Friday, October 9, 2009

Seguin Log Cabin

On the way back from San Antonio a while back, I stopped and took a few photos in Seguin. Going back through those photos this past weekend I found this shot of the Campbell-Hoermann Log Cabin (1850) that I hadn't posted yet. If you're interested in the history of the cabin please see the blurb about it from the Seguin Conservation Society website below the photo.

Title: "Seguin Log Cabin"

Camera / Lens: Canon 40D / Canon 17-55mm f/2.8 zoom
Post-processing: Photomatix Pro to combine three hand-held images into one HDR (High Dynamic Range) image > Photoshop CS3 > Topaz Adjust plugin > Virtual Photographer plugin for Sepia conversion

From the Sequin Conservation Society website:

Campbell-Hoermann Log Cabin (1850)
211 E. Live Oak St.
Conservator: Dr. Tom Raetzch 379-0074

Post-Civil War Texas was a land of opportunity due to a vast amount of farming and grazing land, coupled with the newly built railroads. Many immigrants came here to start a new and hopefully prosperous life. John Campbell, an immigrant from Ireland, built a one-room cabin that he later enlarged for his twenty-three family members when they came to Texas around 1850. Descendants of the Campbell family lived in the cabin until 1952. In the late 1970s, the Hoermann family donated it to the Conservation Society.
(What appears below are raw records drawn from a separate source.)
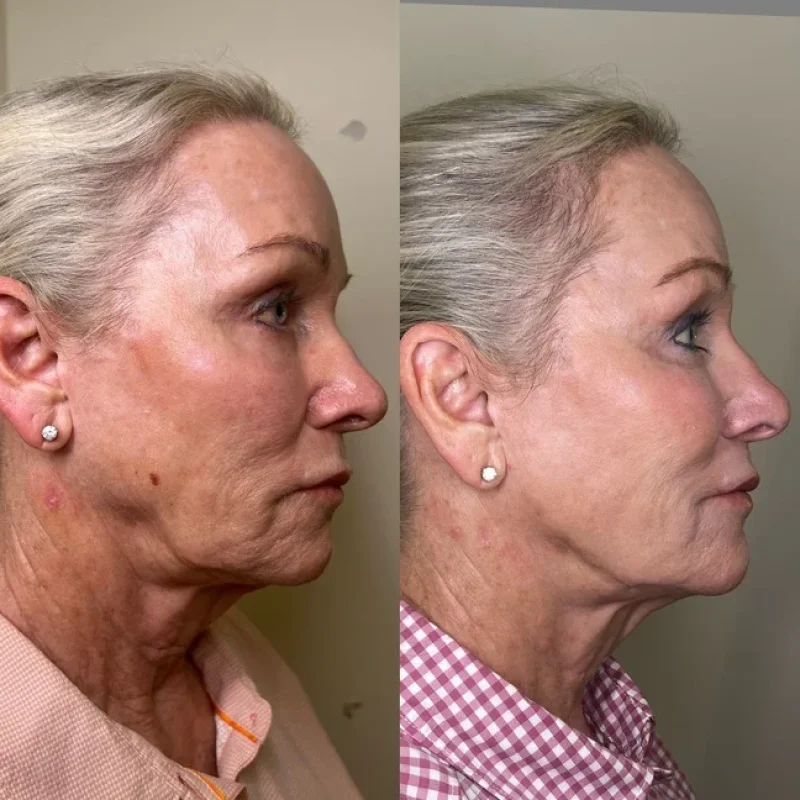 before-after-jawline-d-juvederm-dermal-filler-collection-in-evans-ga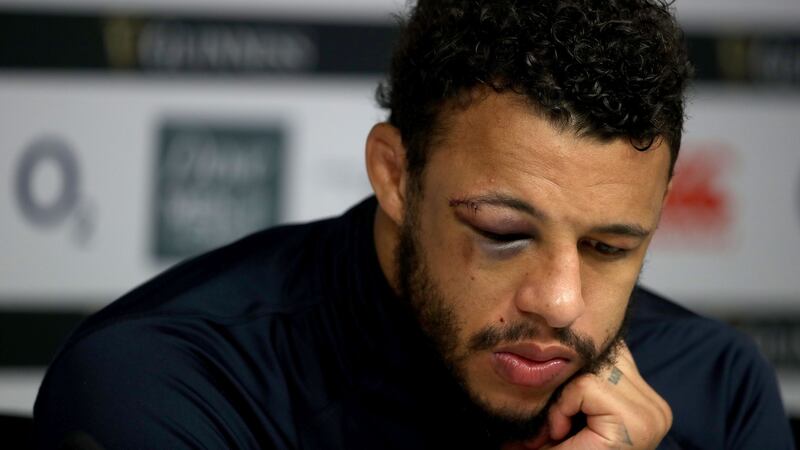 Courtney Lawes with a black eye ahead of England’s clash with Ireland on Sunday. Photograph: Dan Sheridan/Inpho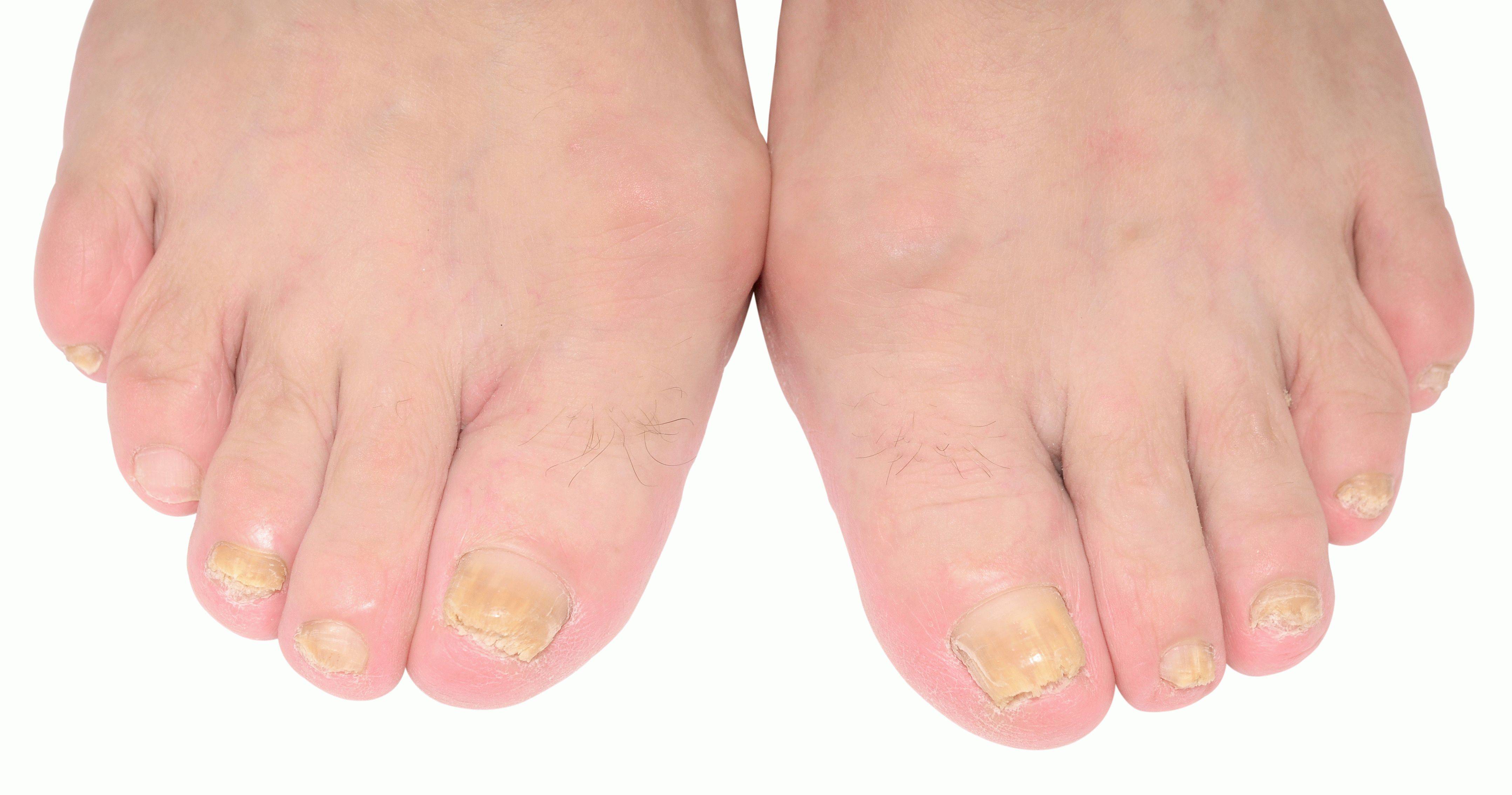 Симптомы грибка ногтей на ногах: какие первые признаки, виды и причины онихомикоза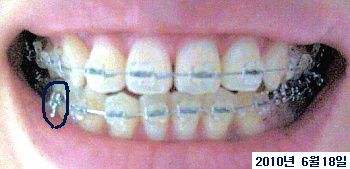 20100618.jpg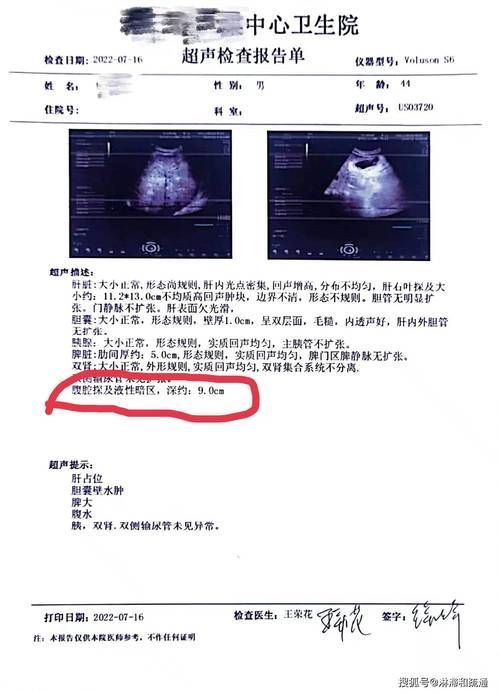如何判斷魚腹水是否復(fù)發(fā)，百度健康-去問診（百度健康-去問診”和“百度健康-去問診” 如何判斷魚腹水是否復(fù)發(fā)，百度健康-去問診（百度健康-去問診”和“百度健康-去問診” 龍魚百科 第5張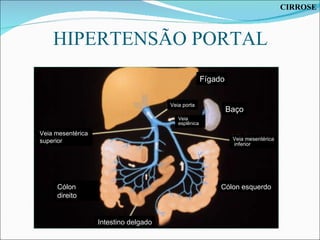 HIPERTENSÃO PORTAL Fígado Baço Veia porta Veia mesentérica inferior Cólon esquerdo Intestino delgado Cólon direito Veia mesentérica superior Veia  esplênica CIRROSE 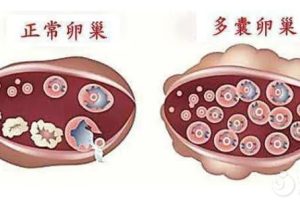 多囊卵巢不运动不治疗，会导致不孕？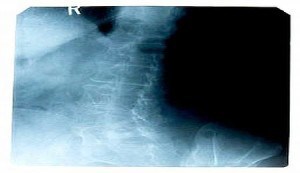 spinal x ray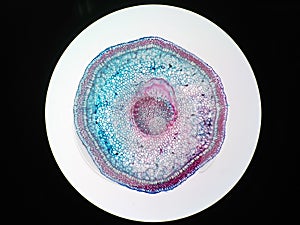 Cross sections of plant root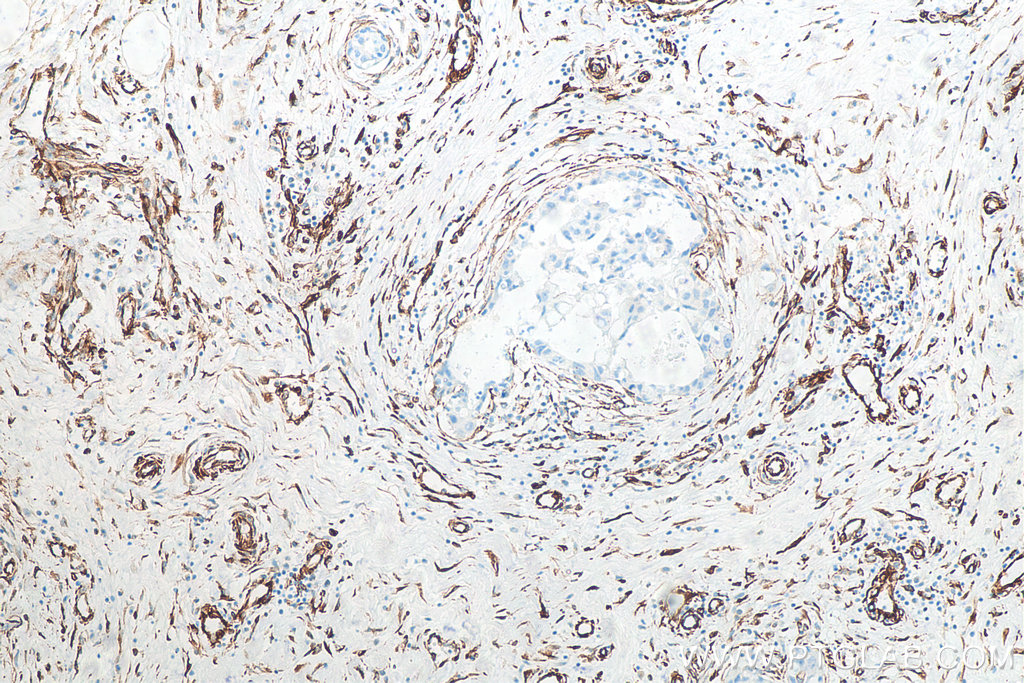 IHC staining of human breast cancer using 80232-1-RR (same clone as 80232-1-PBS)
In 1979 it was moved to its present location at 211 E. Live Oak Street. It houses numerous interesting artifacts, including a 145 year-old quilt and a 1908 icebox.
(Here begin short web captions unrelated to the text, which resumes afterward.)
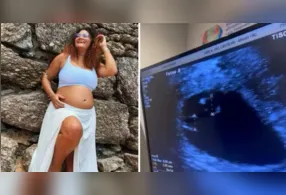 Superfetação é um fenômeno extremamente raro associado à ocorrência de uma nova concepção durante uma gravidez; Thaís deu à luz três meninas após descobrir que esperava inicialmente gêmeos.
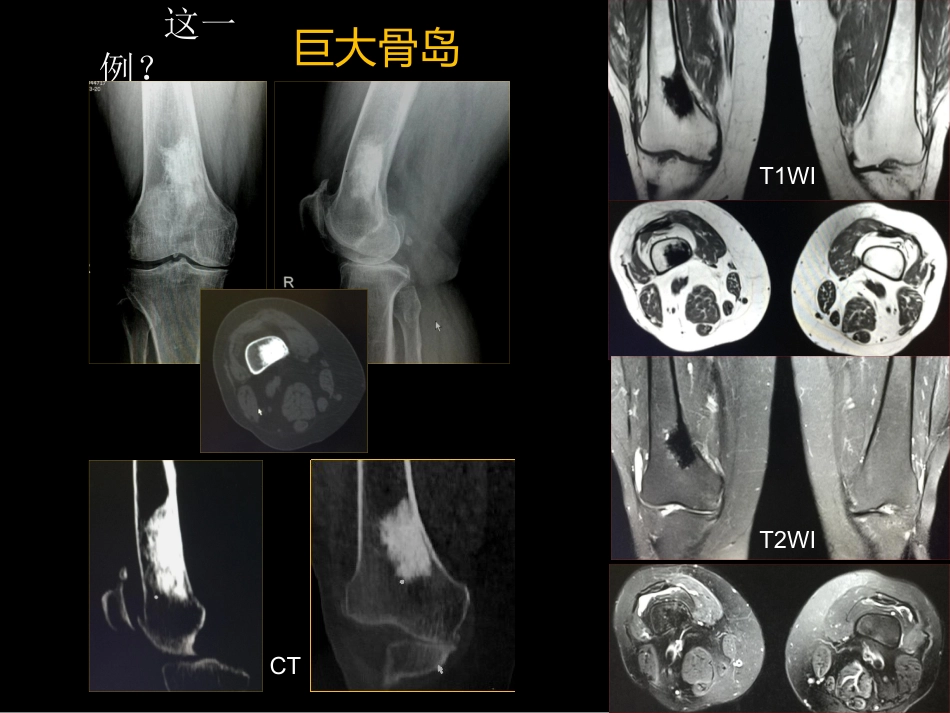 骨肿瘤影像学诊断_第12页
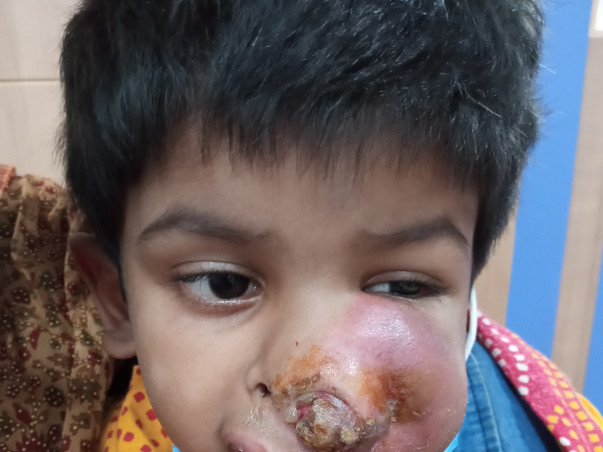 This 4 Years Old Needs Your Urgent Support In Recovering Paranasal Sinus And Nasal Cavity Cancer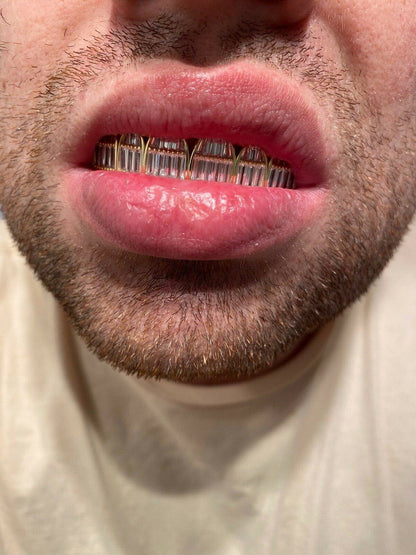 HarlemBling Real 14k Gold Over Solid 925 Silver Grillz Baguette Iced Grills Top Bottom Teeth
Kay Martin, the current SCS president, says her favorite thing about the cabin is the feeling she gets when she steps on the front porch. "It feels like you just stepped back in time; like you are at a home, not a museum." She also says that people should remember that the porch at the Log Cabin is a great place to take photos. "The trees and porch are quaint and rustic, and best of all, it's free!" she says.


Larry J. Patrick said...

I like a lot of what you have done with this photo, but I wish the log cabin would come forward more. Right now, it tends to blend into the trees. Not sure what to do about that.
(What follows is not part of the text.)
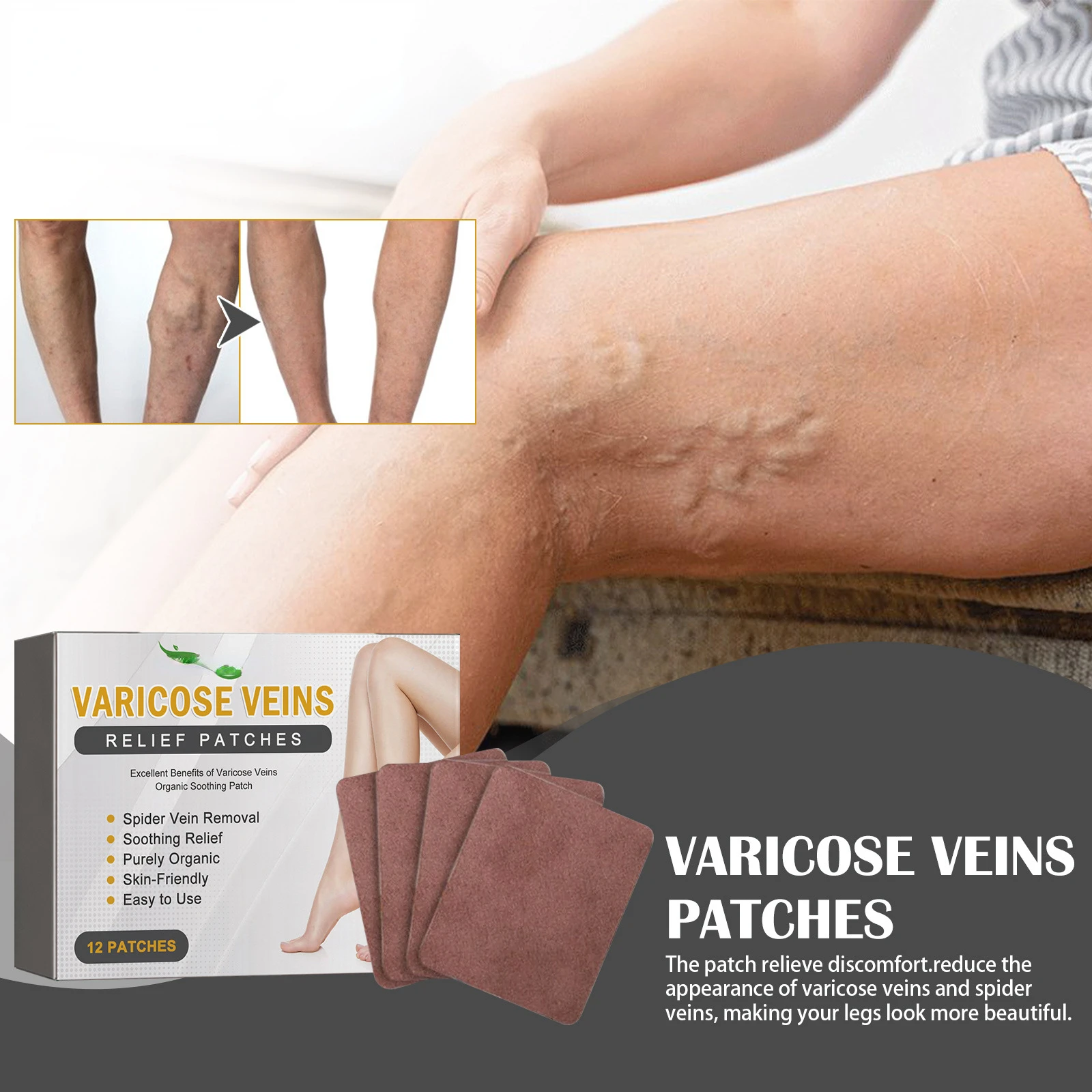 

Венозная кожа, восстанавливает сосудистые выступания на ногах земляного червя, отек ног, здоровое средство, венозная кожа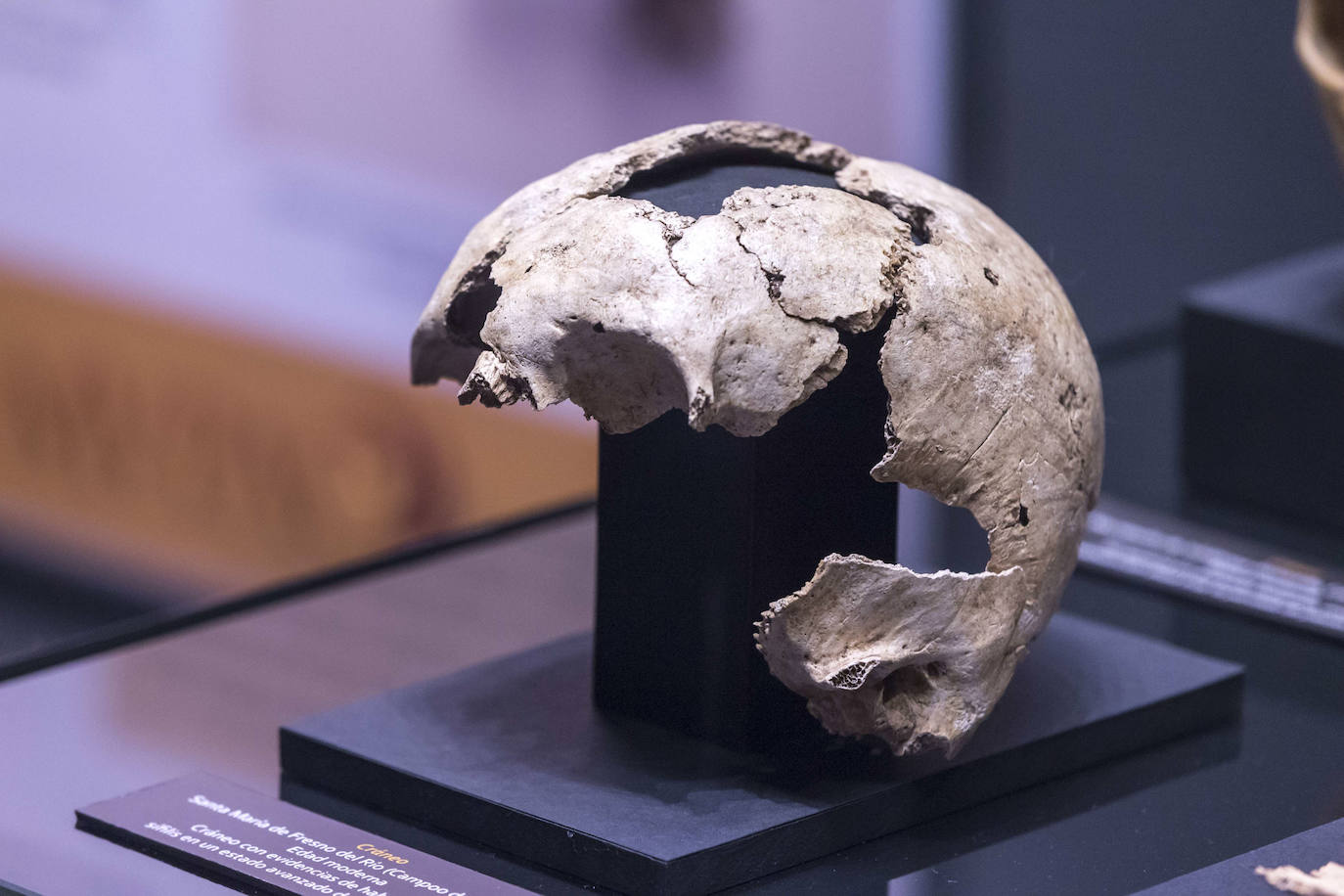 El Museo de Prehistoria y Arqueología de Cantabria (MUPAC) acoge hasta final de año una exposición que muestra cómo los restos humanos sirven para conocer la historia de la región a través de la información que aportan sobre cómo vivieron y murieron las personas.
Any suggestions from cyberspace?

Larry said...

I like the composition but to me the shot is too hot. The sky through the trees, the lower left cabin, and several spots of the chinking lack detail. How did the -2 shot in your HDR series look?

Barry Armer said...

Thanks Patrick and Larry!

I think both of your concerns can be fixed by some tweeking of my post-processing. I need to remember that the Sepia conversion I do with Virtual Photographer adds contast and that I need to make an adjustment to tone it back down a notch.